Ma la caratteristica più interessante è il suo collegamento a quella che viene chiamata la serie numerica di Fibonacci, che è: 0, 1, 1, 2, 3, 5, 8, 13, 21, 34, 55, 89, 144, 233, 377, 610, ... dove ogni numero è uguale alla somma dei due precedenti. Questa sequenza compare in numerosi fenomeni naturali, nei pattern della crescita di piante e nelle leggi dell'eredità mendeliane, per fare qualche esempio.

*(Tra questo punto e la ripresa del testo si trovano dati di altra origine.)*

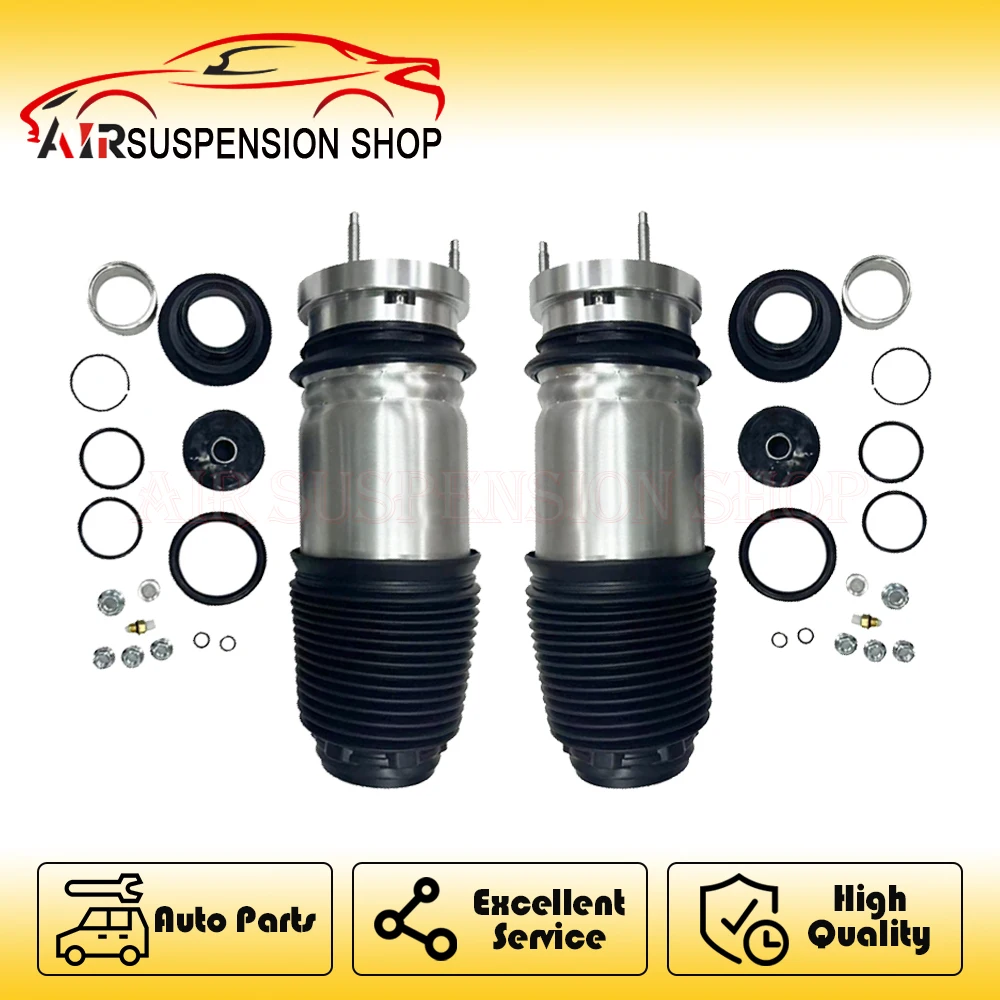 22373598 22358405 For Cadillac Escalade 2021-GMC Yukon Sierra Tahoe Front Left/Right Air Spring Car Air Suspension Repair Kits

E' facilmente dimostrato che il rapporto tra due numeri successivi nella serie di Fibonacci si avvicina progressivamente a phi più la sequenza prosegue. Nei numeri dati sopra, il valore phi è dato dal rapporto tra 233 e 144, che dà lo stesso valore calcolabile dalle dimensioni della Grande Piramide.

Anche la quantità pi può essere trovata nelle dimensioni della Grande Piramide. Se la sua altezza (1466 metri) è presa come raggio di una circonferenza, il perimetro della sua base (4 x 230.4 = 921.6 metri) è quasi uguale alla circonferenza di quella circonferenza (2pir = 921.6 metri). Il prodotto di pi e della radice quadrata di phi è vicino a 4.
Il triangolo isoscele più grandi dello sri yantra è una faccia triangolare della grande piramide in miniatura, mostrando quasi esattamente la stessa relazione tra pi e phi.

Molte accurate costruzione dello sri yantra in India sono molto antiche. Alcune sono anche più complicate di quella mostrata qui. Alcune consistono in triangoli sferici per i quali il disegnatore, per giungere a intersezioni perfette e vertici che cadono sulla circonferenza in cui sono inscritti i triangoli, avrebbe avuto bisogno di conoscenze di "matematica superiore, che i matematici medioevali e antichi dell'India non possedevano.( Articolo tradotto da una ricerca sull'argomento.)